■ Listed entries:

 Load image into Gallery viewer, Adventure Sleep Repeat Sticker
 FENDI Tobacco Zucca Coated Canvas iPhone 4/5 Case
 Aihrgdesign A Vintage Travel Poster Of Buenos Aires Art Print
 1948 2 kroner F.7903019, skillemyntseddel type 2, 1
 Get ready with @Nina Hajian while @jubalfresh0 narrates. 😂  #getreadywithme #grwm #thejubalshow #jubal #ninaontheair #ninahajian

--

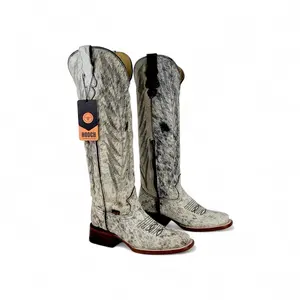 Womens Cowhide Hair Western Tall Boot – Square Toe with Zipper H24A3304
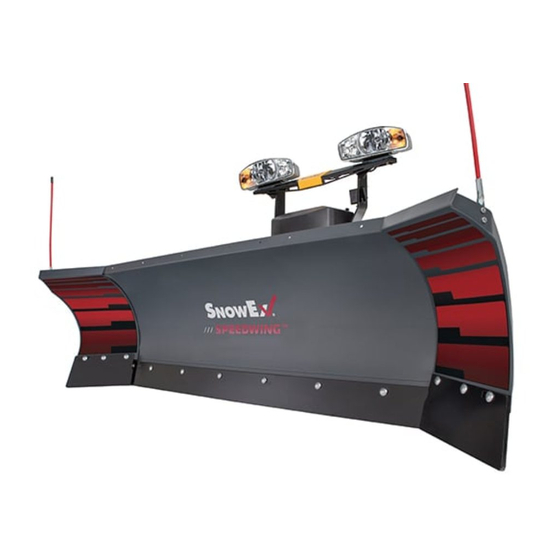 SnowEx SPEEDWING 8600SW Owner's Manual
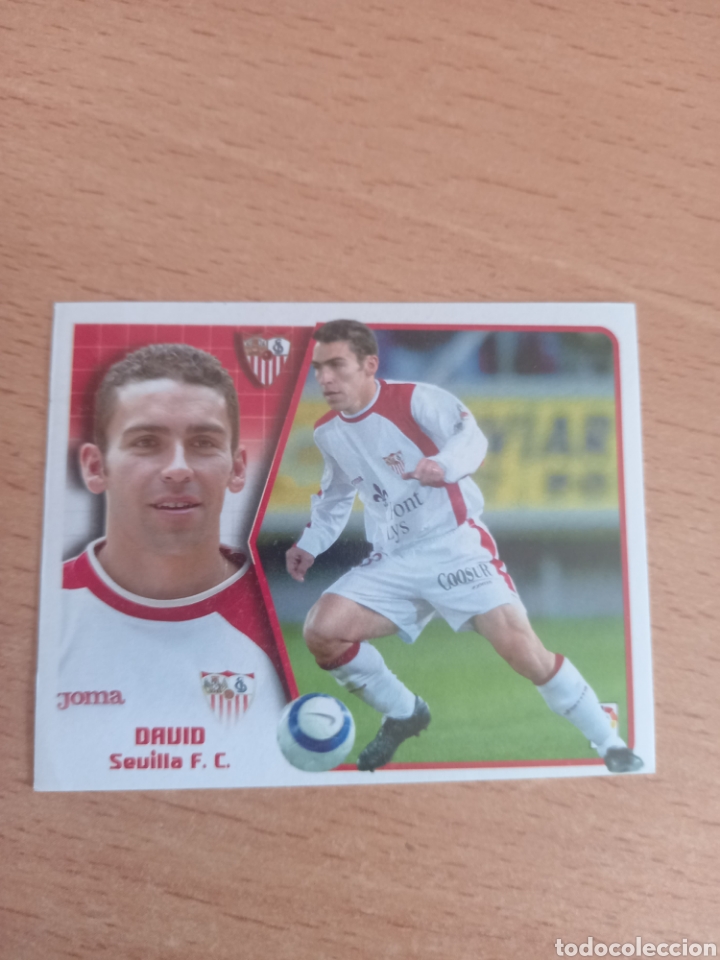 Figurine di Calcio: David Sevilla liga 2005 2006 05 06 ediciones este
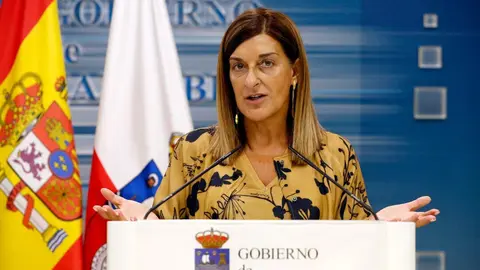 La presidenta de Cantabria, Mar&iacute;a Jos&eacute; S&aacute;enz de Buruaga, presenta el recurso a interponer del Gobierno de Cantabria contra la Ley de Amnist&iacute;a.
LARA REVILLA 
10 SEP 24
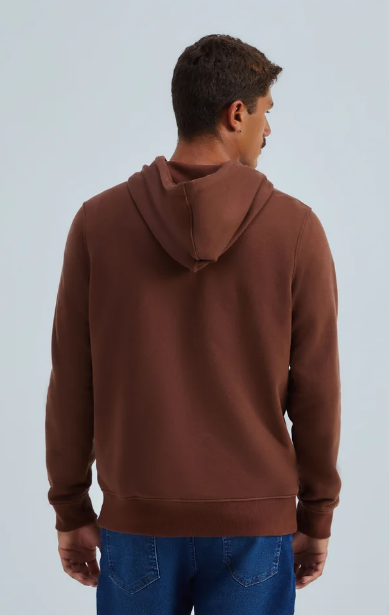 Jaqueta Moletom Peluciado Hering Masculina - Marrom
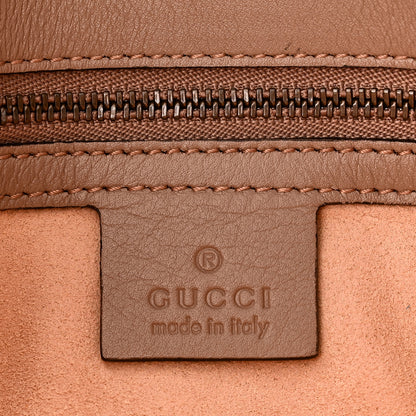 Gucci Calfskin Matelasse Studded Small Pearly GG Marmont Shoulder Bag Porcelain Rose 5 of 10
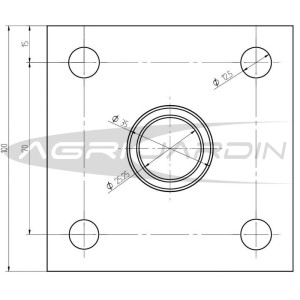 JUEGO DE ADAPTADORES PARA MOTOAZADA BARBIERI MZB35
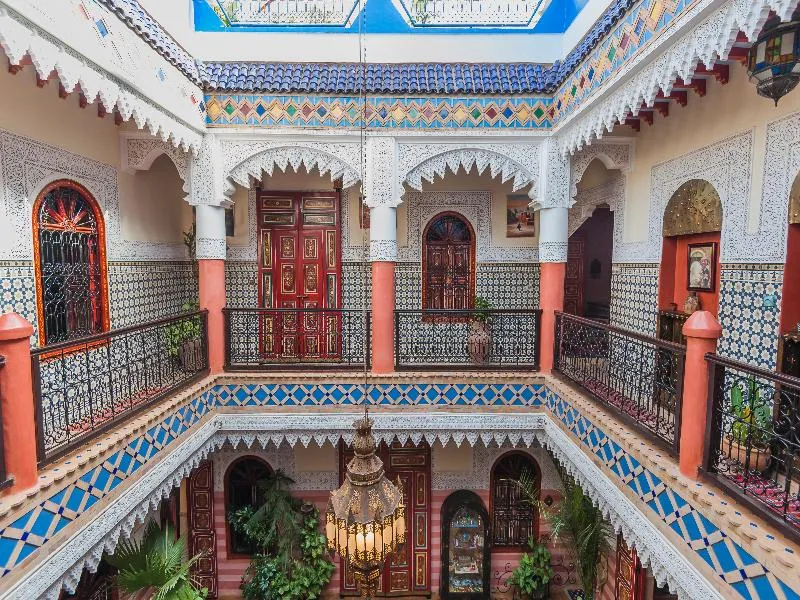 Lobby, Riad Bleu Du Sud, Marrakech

...

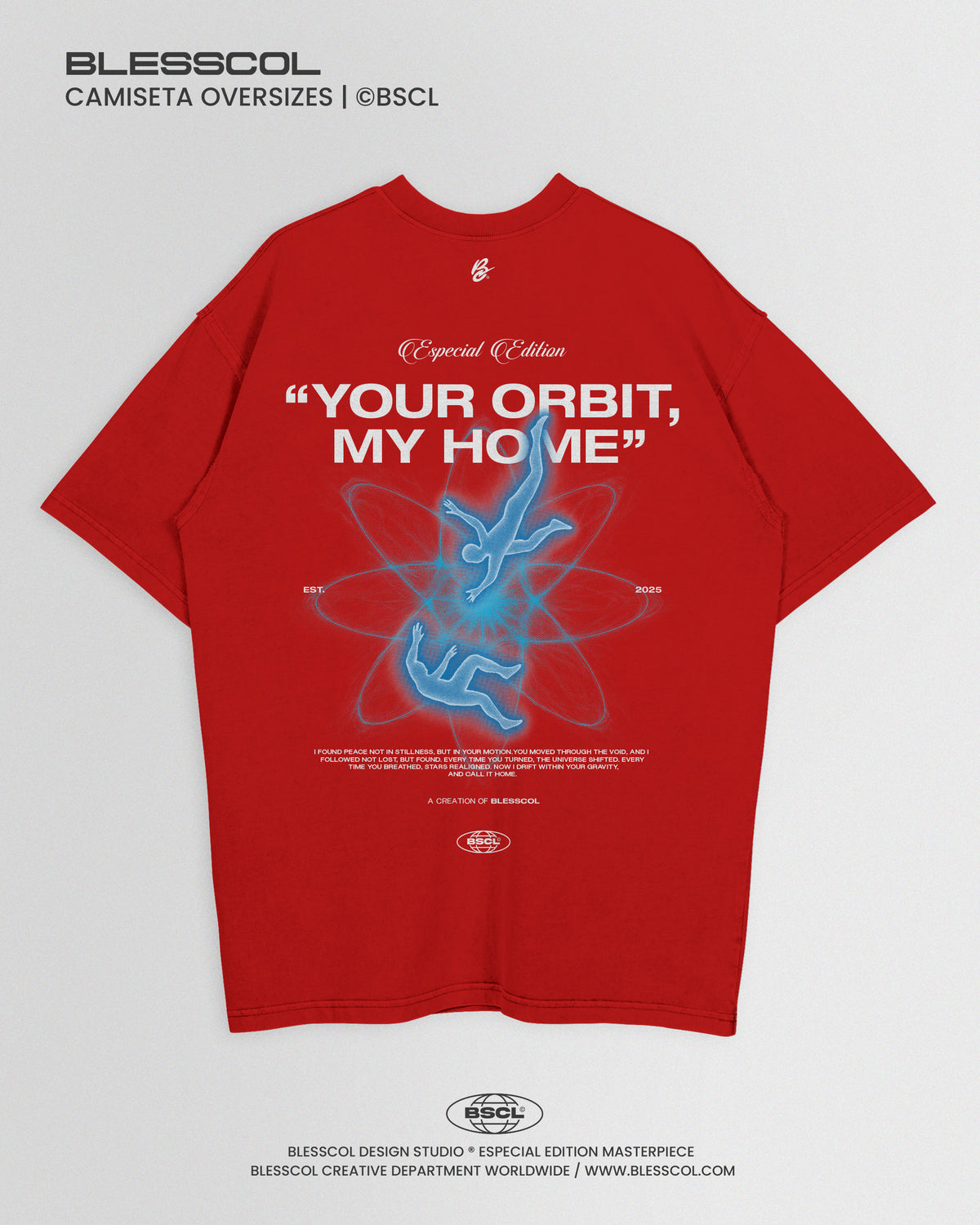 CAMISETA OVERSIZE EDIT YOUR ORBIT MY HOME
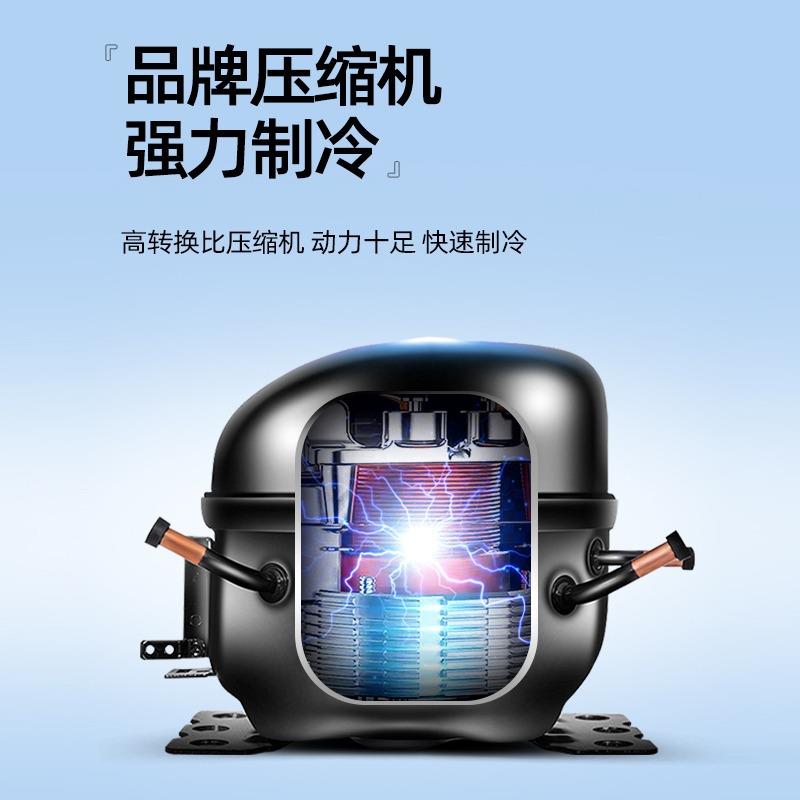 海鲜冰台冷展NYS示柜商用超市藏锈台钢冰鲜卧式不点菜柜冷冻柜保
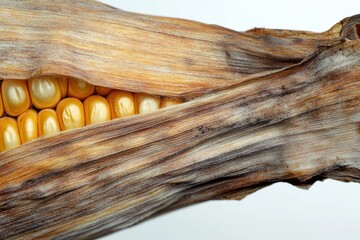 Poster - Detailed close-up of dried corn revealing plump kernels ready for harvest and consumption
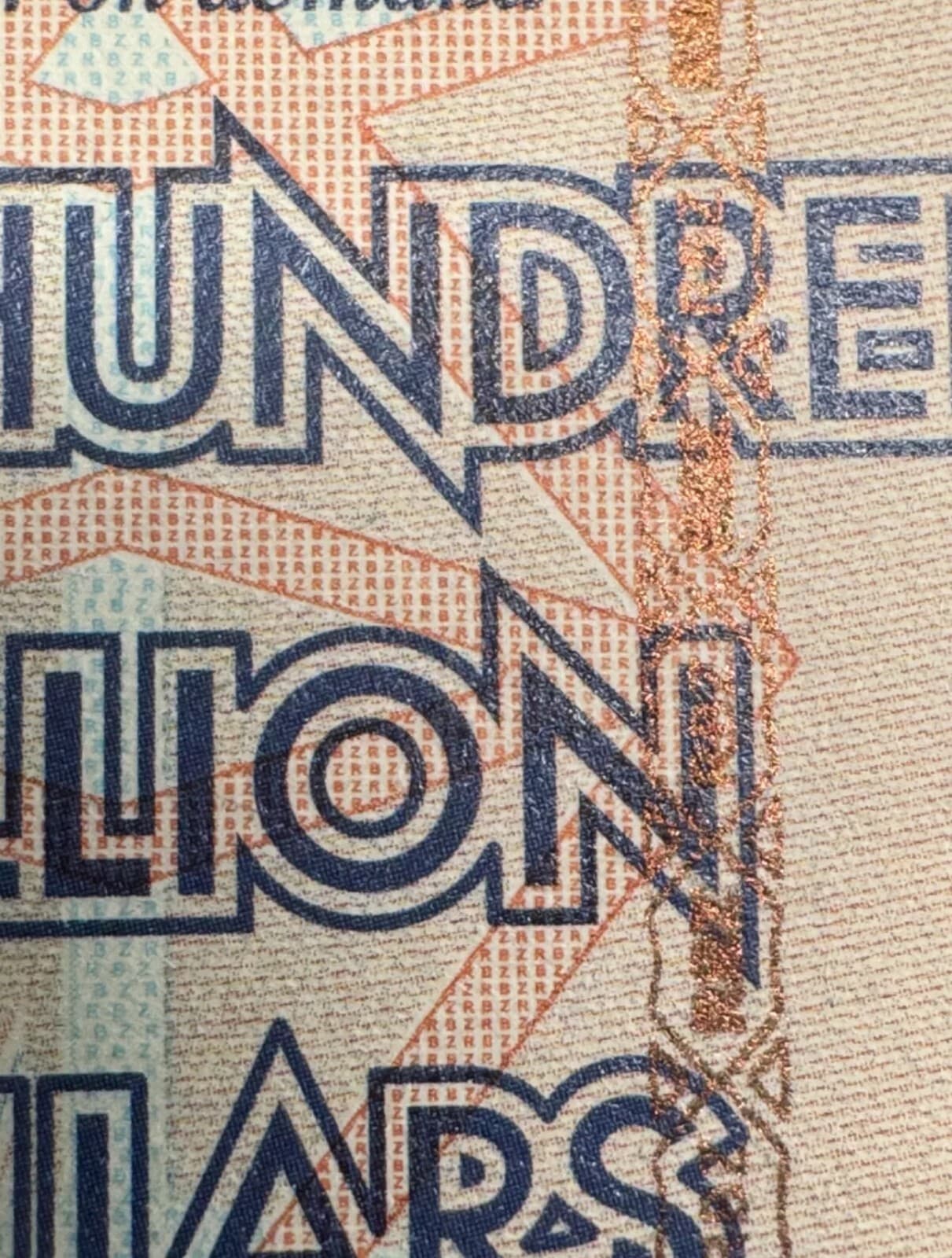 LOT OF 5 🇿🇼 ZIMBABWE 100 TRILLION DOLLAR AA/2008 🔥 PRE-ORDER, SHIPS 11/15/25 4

■ Task statement:
Your task is to copy only the lines above starting at the one containing "La presidenta de" and ending at the one containing "Lobby, Riad Bleu Du Sud, Marrakech". Copy them exactly, both ends included, and omit the pictures.

■ Result of the exercise:
 La presidenta de Cantabria, Mar&iacute;a Jos&eacute; S&aacute;enz de Buruaga, presenta el recurso a interponer del Gobierno de Cantabria contra la Ley de Amnist&iacute;a.
LARA REVILLA 
10 SEP 24
 Jaqueta Moletom Peluciado Hering Masculina - Marrom
 Gucci Calfskin Matelasse Studded Small Pearly GG Marmont Shoulder Bag Porcelain Rose 5 of 10
 JUEGO DE ADAPTADORES PARA MOTOAZADA BARBIERI MZB35
 Lobby, Riad Bleu Du Sud, Marrakech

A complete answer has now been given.